To add CORP\FIMSyncService to the CONTOSO database

  1. In SQL Server Management Studio, on the right, expand Security.

  2. Under Security, right-click CORP\FIMSynchService and select Properties. This will bring up the Login Properties for the FIM Synchronization Service account.

  3. On the left, select User Mapping. On the right, place a check in CONTOSO and at the bottom, place a check in dbo_owner

  4. Click OK.

  5. Close SQL Server Management Studio.

Add CORP\FIMSyncService to the CONTOSO Domain Admins group

For purposes of this test lab, the FIMSyncService account will need permissions to modify, update, and delete objects out of Active Directory. To accomplish this, we will add the FIMSyncService account to the Domain Admins group for Contoso.

To add CORP\FIMSyncService to the CONTOSO Domain Admins group

  1. Log on to the DC.corp.fabrikam.com Server as Administrator.

  2. Click Start, select Administrative Tools, and click Active Directory Users and Computers.

  3. In Active Directory Users and computers, select the Users OU.

  4. In the center, double-click on Domain Admins. This will bring up the Domain Admins properties.

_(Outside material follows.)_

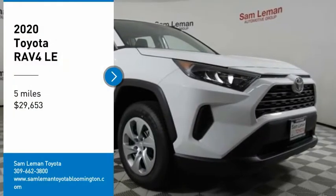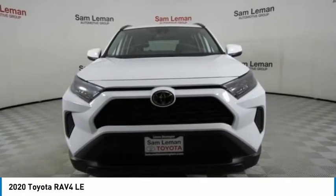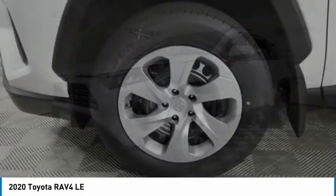Stop by and take a look at the 2020 RAV4. The RAV4 is one of the most fuel-efficient SUVs in its class. Versatile and efficient, RAV4 mixes the comfort and drivability of a sedan with the benefits of an SUV.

  5. Click on the Memebers tab.

  6. Click Add. This will bring up the Select Users, Contacts, Computers, Service Accounts, or Groups dialog box.

  7. In the box, enter CORP\FIMSyncService and click Check Names. This should resolve with an underline.

  8. Click OK. Click Apply. Click OK.

Restart the Forefront Identity Manager Synchronization Service

Now we will restart the Forefront Identity Manager Synchronization Service to allow the changes above to take effect.

To restart the Forefront Identity Manager Synchronization Service

  1. Log on to the FIM1.corp.fabrikam.com Server as Administrator.

  2. Click Start, select Administrative Tools, and click Services. This will bring up Services.

  3. Scroll down to Forefront Identity Manager Synchronization Service, right-click and select Restart.

  4. Once this completes close Services.